4. Kepatuhan Wajib Pajak
Warga negara wajib menaati aturan pajak selama penetapannya sesuai ketentuan keadilan syariat sebagaimana dimaksud fatwa poin 2 dan 3.
5. Pajak Tidak Adil Hukumnya Haram
Jika pemerintah memungut pajak yang tidak memenuhi asas:
⦁ keadilan
⦁ kemaslahatan
⦁ kemampuan finansial
⦁ maka hukumnya haram menurut fatwa MUI.
6. Zakat Sebagai Pengurang Pajak
Zakat yang sudah dibayarkan umat Islam menjadi pengurang kewajiban pajak. Artinya, zakat harus diperhitungkan dalam skema perpajakan sesuai ketentuan keadilan dalam syariat Islam.
1. Sesuaikan Pajak dengan Kemampuan Wajib Pajak
MUI meminta pemerintah meninjau ulang beban pajak terutama pajak progresif yang dianggap terlalu besar dan tidak berkeadilan.
2. Optimalkan Aset Negara dan Berantas Mafia Pajak
Pemerintah harus mengelola sumber kekayaan negara secara optimal serta menindak tegas mafia pajak demi kesejahteraan rakyat.
3. Evaluasi UU Pajak yang Tidak Berkeadilan
Pemerintah dan DPR berkewajiban mengevaluasi semua peraturan perpajakan yang dinilai memberatkan masyarakat, serta menjadikan fatwa MUI sebagai rujukan.

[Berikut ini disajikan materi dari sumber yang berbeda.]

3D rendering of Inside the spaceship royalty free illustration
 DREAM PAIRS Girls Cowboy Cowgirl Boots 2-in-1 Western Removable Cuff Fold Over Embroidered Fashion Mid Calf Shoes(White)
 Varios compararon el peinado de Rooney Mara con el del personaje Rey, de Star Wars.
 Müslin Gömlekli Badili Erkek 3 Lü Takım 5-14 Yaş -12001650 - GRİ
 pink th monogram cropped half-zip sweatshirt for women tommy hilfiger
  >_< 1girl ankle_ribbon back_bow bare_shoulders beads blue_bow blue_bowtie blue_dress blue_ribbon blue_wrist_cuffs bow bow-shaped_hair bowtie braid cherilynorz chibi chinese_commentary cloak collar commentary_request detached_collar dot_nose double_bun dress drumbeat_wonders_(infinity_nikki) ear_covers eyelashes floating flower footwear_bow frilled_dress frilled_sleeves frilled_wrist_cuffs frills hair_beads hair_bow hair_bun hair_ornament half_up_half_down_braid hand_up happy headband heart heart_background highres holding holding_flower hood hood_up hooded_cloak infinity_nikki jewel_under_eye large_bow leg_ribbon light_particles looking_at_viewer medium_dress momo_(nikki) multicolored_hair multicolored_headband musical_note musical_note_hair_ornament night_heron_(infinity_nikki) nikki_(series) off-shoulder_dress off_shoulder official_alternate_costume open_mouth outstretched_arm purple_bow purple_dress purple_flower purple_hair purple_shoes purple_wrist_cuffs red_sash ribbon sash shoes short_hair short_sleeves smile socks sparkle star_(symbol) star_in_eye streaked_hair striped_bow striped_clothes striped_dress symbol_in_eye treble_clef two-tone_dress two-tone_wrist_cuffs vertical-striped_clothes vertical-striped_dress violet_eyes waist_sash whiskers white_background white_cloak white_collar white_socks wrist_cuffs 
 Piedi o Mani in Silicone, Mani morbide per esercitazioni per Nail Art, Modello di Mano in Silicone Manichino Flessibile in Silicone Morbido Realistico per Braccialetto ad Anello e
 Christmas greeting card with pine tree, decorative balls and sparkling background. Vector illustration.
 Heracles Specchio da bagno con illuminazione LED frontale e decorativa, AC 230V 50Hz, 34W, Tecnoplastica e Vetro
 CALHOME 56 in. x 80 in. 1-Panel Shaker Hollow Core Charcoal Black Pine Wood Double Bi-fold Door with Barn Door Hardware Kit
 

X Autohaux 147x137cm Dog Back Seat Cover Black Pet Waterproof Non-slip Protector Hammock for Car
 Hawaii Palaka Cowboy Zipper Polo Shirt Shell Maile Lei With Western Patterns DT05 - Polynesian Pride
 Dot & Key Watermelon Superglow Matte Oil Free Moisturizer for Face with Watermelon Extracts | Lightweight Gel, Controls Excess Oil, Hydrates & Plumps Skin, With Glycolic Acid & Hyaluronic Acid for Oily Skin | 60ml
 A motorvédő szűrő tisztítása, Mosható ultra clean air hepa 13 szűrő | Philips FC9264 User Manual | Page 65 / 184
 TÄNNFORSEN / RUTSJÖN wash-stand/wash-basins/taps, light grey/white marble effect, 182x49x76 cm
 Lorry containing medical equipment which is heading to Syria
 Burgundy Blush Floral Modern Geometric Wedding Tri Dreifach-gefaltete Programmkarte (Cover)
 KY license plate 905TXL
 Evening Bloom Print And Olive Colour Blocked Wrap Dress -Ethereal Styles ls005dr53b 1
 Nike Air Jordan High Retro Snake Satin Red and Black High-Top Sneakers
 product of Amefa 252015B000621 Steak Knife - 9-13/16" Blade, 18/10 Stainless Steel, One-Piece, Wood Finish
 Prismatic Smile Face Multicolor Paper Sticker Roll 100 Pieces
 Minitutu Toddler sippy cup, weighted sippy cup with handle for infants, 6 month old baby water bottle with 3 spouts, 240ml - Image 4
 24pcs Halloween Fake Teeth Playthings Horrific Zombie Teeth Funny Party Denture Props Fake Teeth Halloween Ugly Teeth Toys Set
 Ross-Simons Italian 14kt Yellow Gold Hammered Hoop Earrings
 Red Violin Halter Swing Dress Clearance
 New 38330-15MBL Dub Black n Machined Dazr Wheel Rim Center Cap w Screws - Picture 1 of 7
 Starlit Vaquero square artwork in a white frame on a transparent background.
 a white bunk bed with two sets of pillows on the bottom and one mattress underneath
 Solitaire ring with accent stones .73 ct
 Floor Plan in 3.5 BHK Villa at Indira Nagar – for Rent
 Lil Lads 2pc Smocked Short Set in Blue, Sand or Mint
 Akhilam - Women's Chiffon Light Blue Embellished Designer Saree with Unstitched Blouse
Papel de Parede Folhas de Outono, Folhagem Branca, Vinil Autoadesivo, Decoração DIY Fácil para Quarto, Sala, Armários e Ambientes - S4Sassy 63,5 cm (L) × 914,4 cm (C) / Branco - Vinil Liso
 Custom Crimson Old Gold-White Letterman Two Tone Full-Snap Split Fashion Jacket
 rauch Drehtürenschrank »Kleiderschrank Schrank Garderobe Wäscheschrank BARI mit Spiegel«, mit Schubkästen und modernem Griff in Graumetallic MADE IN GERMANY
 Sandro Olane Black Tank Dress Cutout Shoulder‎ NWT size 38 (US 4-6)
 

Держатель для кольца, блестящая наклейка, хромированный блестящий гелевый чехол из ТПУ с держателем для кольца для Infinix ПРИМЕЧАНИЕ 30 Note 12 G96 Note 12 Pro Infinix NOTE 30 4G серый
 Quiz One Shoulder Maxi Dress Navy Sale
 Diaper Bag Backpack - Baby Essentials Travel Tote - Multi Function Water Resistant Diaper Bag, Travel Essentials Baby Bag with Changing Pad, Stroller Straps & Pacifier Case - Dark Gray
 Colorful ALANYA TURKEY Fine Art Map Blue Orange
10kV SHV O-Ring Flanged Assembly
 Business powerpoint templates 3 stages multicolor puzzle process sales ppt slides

4. Pemda Harus Evaluasi PBB, PPh, PPn, dan Pajak Lain
MUI menyoroti banyaknya kenaikan jenis pajak di daerah termasuk:
⦁ PBB
⦁ PPn
⦁ PPh
⦁ PKB
⦁ pajak waris
yang sering dinaikkan hanya untuk meningkatkan pendapatan daerah tanpa mempertimbangkan keadilan masyarakat.
5. Pemerintah Wajib Kelola Pajak Secara Amanah
Seluruh instansi pengelola pajak wajib menerapkan prinsip amanah, profesionalisme, transparansi, dan keadilan.
6. Masyarakat Wajib Taat Pajak yang Adil
Masyarakat harus menaati pajak jika pemungutannya jelas digunakan untuk kemaslahatan umum.
Munas XI MUI juga menetapkan empat fatwa penting lainnya:
1. Fatwa Kedudukan Rekening Dormant.
2. Fatwa Pengelolaan Sampah di Sungai, Danau, dan Laut untuk Kemaslahatan.
3. Fatwa Status Saldo Uang Elektronik Hilang atau Rusak.
4. Fatwa Kedudukan Manfaat Produk Asuransi Kematian dalam Asuransi Jiwa Syariah.
Fatwa Pajak Berkeadilan dari MUI menegaskan bahwa pajak harus didasarkan pada:
⦁ asas keadilan
⦁ kemampuan wajib pajak
⦁ larangan pemungutan pada kebutuhan pokok
⦁ pengelolaan amanah dan transparan.
Fatwa ini diharapkan menjadi rujukan penting bagi pemerintah dalam melakukan reformasi perpajakan agar lebih mencerminkan keadilan sosial dan nilai syariat.